The separation of the liquid nutrient medium 11 from the solid agar phase 10 is effected upon interruption of the vessel 1; 2 in the blood culture system in such a way that part 2 with agar 10 points upwards. Thereby it is also possible 9 / that to the vessel 1; 2 set certain gas fillings, with which bacterial strains can increase, which in oxygen atmosphere I * can only be detected with difficulty. 448 737 The liquid and the solid part of the nutrient medium have the following preferred composition for the purpose of the invention: Liquid part of the nutrient medium: Distilled water Sucrose Pancreatic peptone Glucose Meat extract Sodium chloride Indomethacin 0.0028 Carrageenan 0.01 ...

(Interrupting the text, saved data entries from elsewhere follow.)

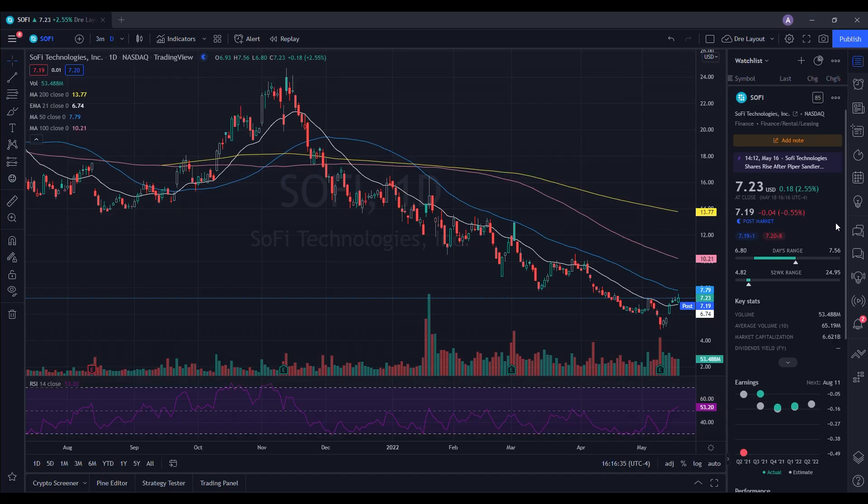We're going to do a technical analysis for SoFi. It ended up closing at $7.23, being up 2.55%. On the low it tested $6.80, and on the high it tested $7.56. When we take a look at the volume stats, we traded 53.488 million shares and the average volume over 10 trading days is 65.19 million shares. We did have below average volume but we still saw some strength in the stock.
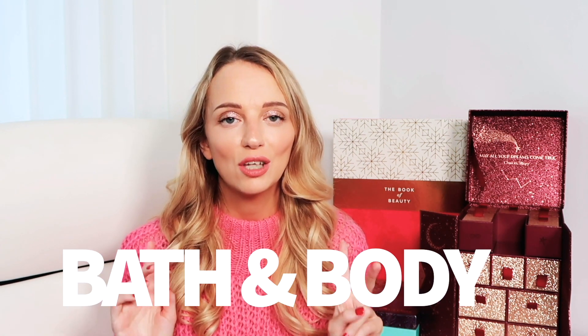Moving on to Bath and Body: my number one item was the Body Shop Milk and Honey Body Butter. I don't have it because I finished it — it was so good I would definitely re-buy it. I do like the Body Shop Body Butters; inside the calendar there was also a full-size coconut one which I don't love as much. The Milk and Honey one — it's white — just felt so, so good. I have quite dry skin and it was really moisturising, smelled good, and absorbed well.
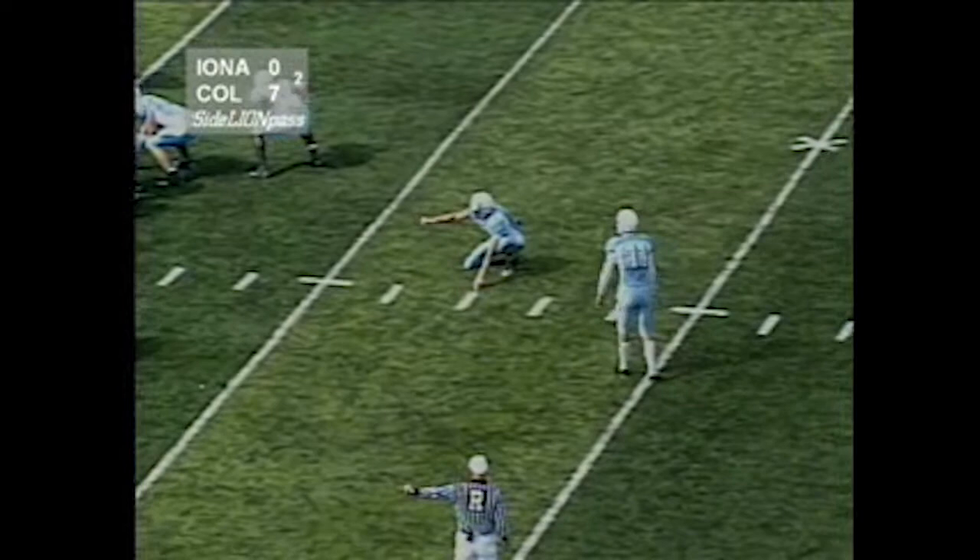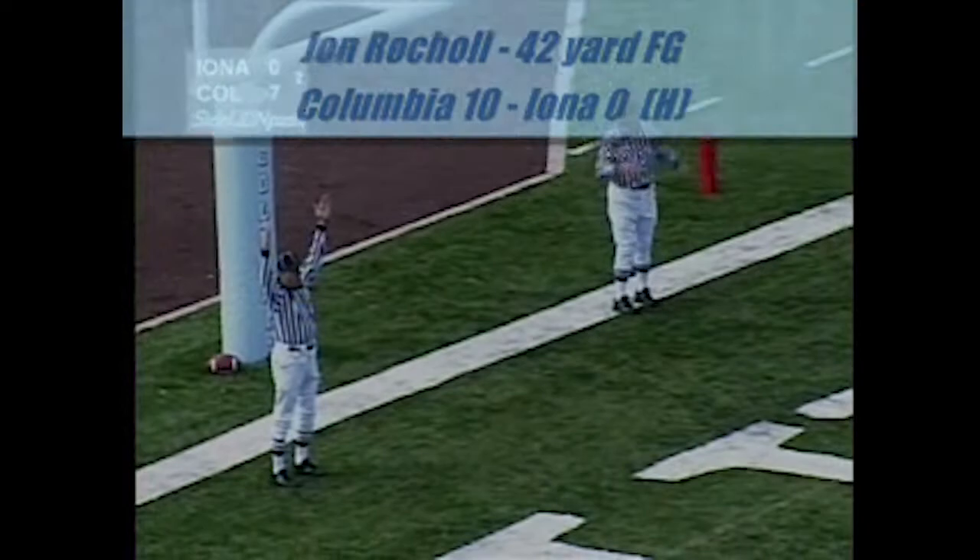Ball will be spotted on the left hash, tough kick. Snap is good, placed it down, kick on the way — plenty of distance, it is good. John Rocco from 42 yards.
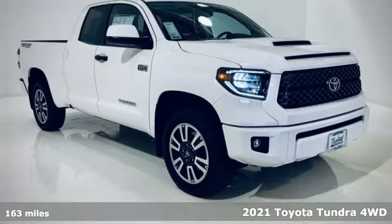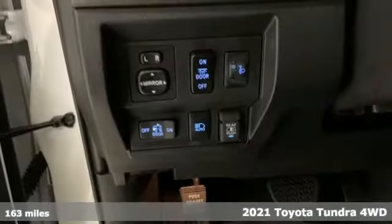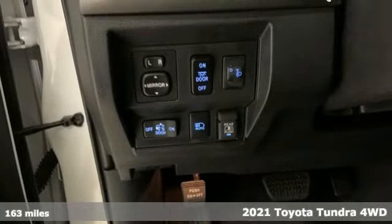Here's a new 2021 Toyota Tundra four-wheel drive. When you're looking for comfort, convenience, and quality, you think Toyota.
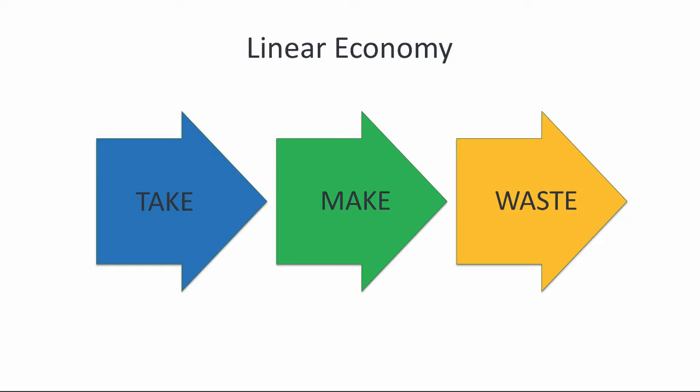We say what we're doing is mass production, but from that perspective, it's mass destruction. And the argument is we have to get away from this linear economy and move to a circular economy.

Solid portion of the nutrient medium: Sterile nutrient agar Glycos 1000 100 20 10 2.5 3.0 g ... 0.0035 g 0.08 g LQKIUIIIQKI I '- DAB7 99.5 g 015 g Bromocresol purple (indicator) 0.0076 g De individual constituents.channel depending on the purpose of use also be present in other proportions.

Claims (1)

A patent for detecting bacterial mites, in which the blood is sucked via a blood collection system in a metered dose into a vessel equipped with a vacuum and / or a special gas filling in a blood culture system and thereby mixed with a liquid nutrient medium, characterized in that it the blood sucked into the vessel simultaneously inoculates the liquid nutrient medium provided with antibacterial additives and mixed with a solid nutrient medium and then at a certain temperature and inclination of the vessel in both nutrient media the bacterial culture is generated and made visible by the addition of indicator dye. Device for examining bacterial ants consisting of a blood collection and a blood culture system, characterized in that the vessel in the blood culture system (1; 2) is designed as an ampoule with an annular contraction (3) and that the annular contraction ( 3) position on the length of the ampoule is adapted to the required amount ratio between a solid and a liquid nutrient medium (10; 11), preferably in the ratio 1: 3. Device according to claim 2, characterized in that the annular contraction (3) has on its surface a break ring (9) and the diameter of its passage opening is in the range 6 <10 m. Device according to claim 2, characterized in that it liquid and the solid nutrient medium (10; 11) are arranged one after the other in the vessels of the blood culture system (1; 2) and are in contact with each other and the solid nutrient medium (10) is fixed in position by the annular contraction (3). u! s; Device according to claim 2, characterized in that the vessels of the blood culture system (1; 2) are connected to the blood collection system via an elastic connecting piece (5), preferably of a transparent soft plastic material as a closed unit located one after the other and that the axis of the blood collection system is arranged at an angle to the axis of the blood culture system and movable in each direction. Device according to claim 2, characterized in that the lower part of the tube of the injection cannula (6) is so elongated that it encloses the interruptible glass tip (4) of vessels of the blood culture system (1; 2). Device according to claims 2 - 6, characterized in that a cover (8) is arranged around the breakable glass tip (4) of the blood culture system, the elastic connecting piece (5) and the blood collection system with a fitting.